As the NLG wheels leave the ground on takeoff, the shock absorber extends. The cams in the leg make sure that the wheels are in the center. When the shock absorber is fully extended the BSCU prevents steering outputs to the steering mechanism.
When the L/G UP is selected the hydraulically operated doors open.
Hydraulic pressure at the NLG downlock actuator releases the overcenter lock of the lock stay. The drag strut assembly folds as the NLG retracts.
      As the leg retracts a rotating joint on the leg cuts off the hydraulic pressure supply to the steering system. The hydraulically operated doors close after the gear is locked into the bay.
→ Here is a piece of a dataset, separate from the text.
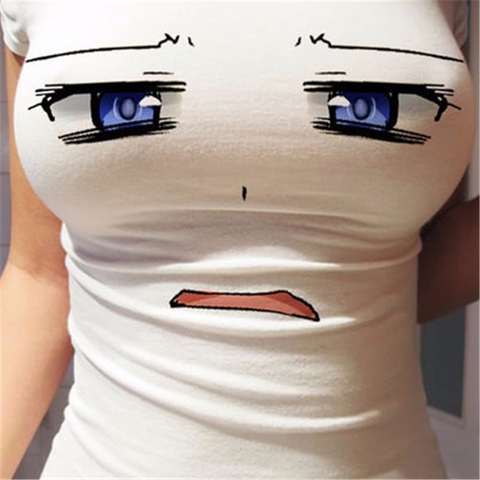 Women Funny 3D Eyes Printed T-shirt Sexy Anime Cartoon Cute Expression Straitjacket Short Sleeve T shirts Tops Ladies Slim Tees ► Photo 1/6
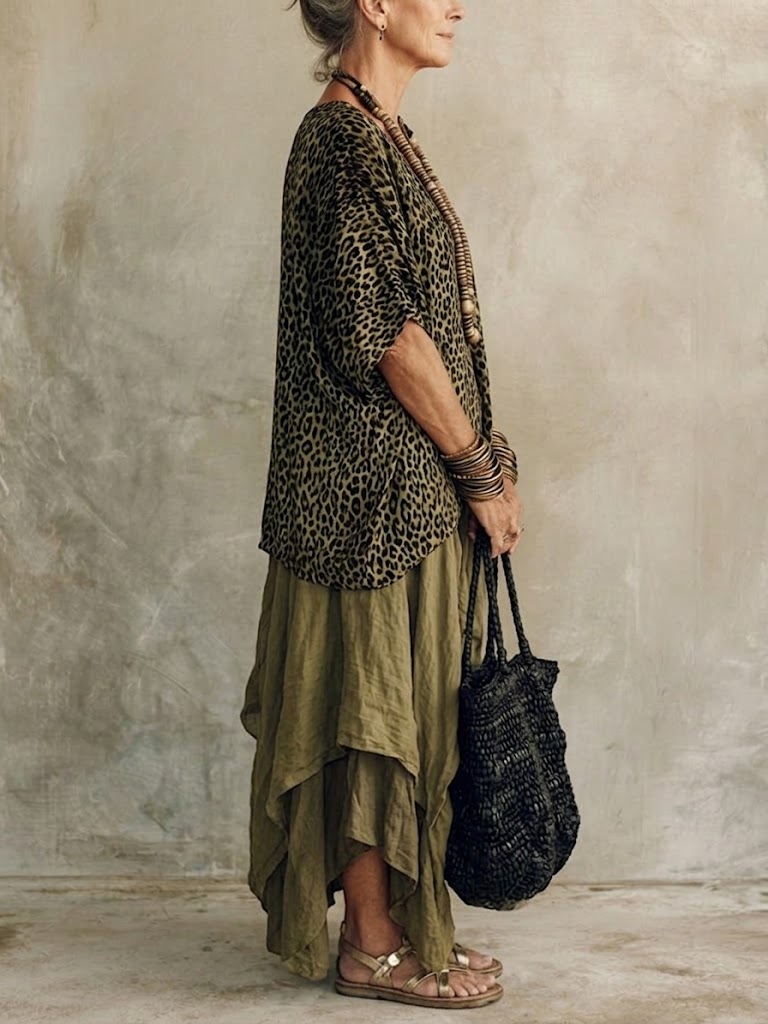 Women's Leopard Print Blouse With Irregular Hem Half Skirt Cotton And Linen Set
 (3) Extension and retraction

(a) Normal Extension and Retraction

 When the L/G control lever is moved the LGCIU sends a control signal to the electro-hydraulic safety valve. The LGCIU controls the sequence of operations to extend and retract the gears and open and close the doors. The LGCIU uses the position data from the proximity sensors to control the sequence of operations. Only one LGCIU controls the sequence of operations. Control changes from one LGCIU to the other after each retraction/extension cycle.

(b) Free Fall Extension

   The free fall extension system is controlled by the free fall extension handle in the cockpit. The free fall extension handle is connected to the L/G and door uplocks. When the handle is turned the door uplocks are mechanically opened by the cables. When the doors are open the landing uplocks are also mechanically opened. Gravity then extends the L/G. Springs pull the NLG lock stay and the MLG side stay into the locked position and the L/G doors stay open.

   A mechanically operated valve isolates the hydraulic supply. Other mechanically operated valves let fluid move into the hydraulic components of the normal extension and retraction system. This prevents cavitation and hydraulic locks.   The free fall extension system is reset when: · the free fall extension handle is back in its original configuration · the L/G control lever  is put in the down position. Hydraulic power is then put back into the normal extension/retraction system and the L/G doors close.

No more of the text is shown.